You’ll also notice that I’ve decided to do some more ‘drawing’. As always I have grandiose plans for this that won’t come to anything. Bugt regardless of whether they are any good, wouldn’t it be great if I managed to ‘produce’ a drawing every day for a year. I suppose that this blog is a kind of living record, a memento – a memoir, even.
And if I’m going to fill it with interesting things as well as swearing and moaning about the small stuff, I need to produce said content. I’ve always liked drawing, even though I’ve never had any real flair for it, or instruction. It just calms my mind. It’s more meditative than writing, that’s for sure, which – despite everyone else in my life’s conviction that I’m some kind of literary genius – I find difficult to the point of impossibility. When I’ve tried, consciously, to ‘write something’, I find it incredibly hard to start, difficult to love, impossible to stop fiddling with and easy to disown. I only see the bits I’m not pleased with. The flaws, clichés and generalities. The rushing. The /wanting/ something good to be in there, somewhere. But there isn’t anything in there; it’s only echoes.
Anyway, it strikes me that this little online bolthole might actually be growing a purpose of its own. I’ll use it as a record of my life. I’ll be honest, life since Mum passed away has lacked a little purpose. I’m also struck by the idea that I’m the last one around who can reliably recall /anything/ that happened in my family before Mike’s arrival on the scene in 1990. I was born in ’79 and your aunt in ’81, so there’s a lot of years in the middle that are just a dotted line. I’m the only one who can fill those pages in. Maybe that’s my purpose. Maybe I should make that my purpose. There it is again: maybe.
I have just realised that for the first time ever, I’m writing this to the child I don’t yet have and have not yet planned to have, but will probably have one day. That might be the definition of shouting into the void. How strange. Hello, you. How’s tricks? I hope we’ve met, and we get on. You’re probably as much fabulous, complicated trouble as your mother, so we should be fine, you rascal.

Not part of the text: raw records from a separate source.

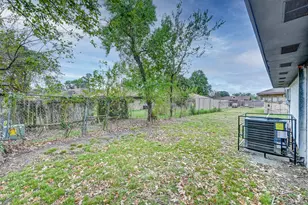 8446 Cabot St, Houston, TX 77078 - Photo 37
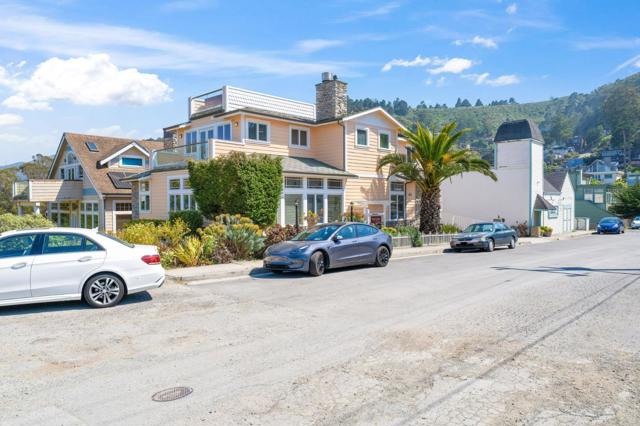 1207 Danmann Avenue, Pacifica CA: https://media.crmls.org/mediaz/4213892e-9df0-4c69-8546-cf81b1f74290.jpg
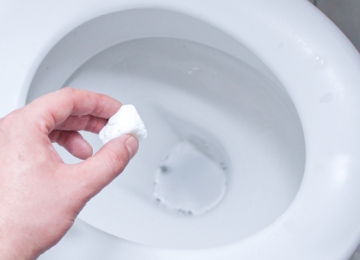 Hướng dẫn Khử mùi hôi nhà vệ sinh bằng bột giặt tẩy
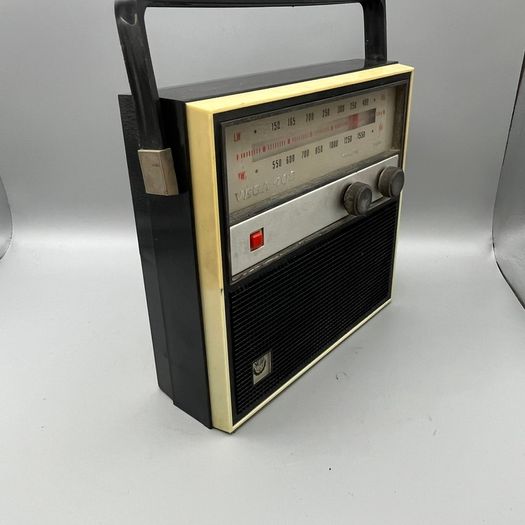 VEGA-402 B Vintage 1972 Soviet Russian Radio USSR - With Case - Untested - Prop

Maybe I’ll write this to you so that you know the story of life before you were born, as soon there won’t be anyone else who can tell you the real tales of when your Dad was your age, younger and older. Mike’s a great, great man, and his family are wonderful, but they are not necessarily my family. I’m related to them by marriage, and since my Mum passed away, that relationship’s changed. I’d like to say we’re really close, and we are, but we’re not quite as close as we were. We’re being men about things more than we did while Mum was alive – closed off and uneven with eachother. We still love eachother, but in a male way, because we’ve both simultaneously lost the single biggest female influence on both our lives, and are spinning a little bit. Mike’s anchored himself to Bashley and his allotment and his neighbours, and I’ve concentrated on our house (possibly even the one you’re going to be born in - who knows?). We’ll be alright, but we need to tell you about the times before. I’ll do so in due course, I hope.
I love you, whoever you turn out to be.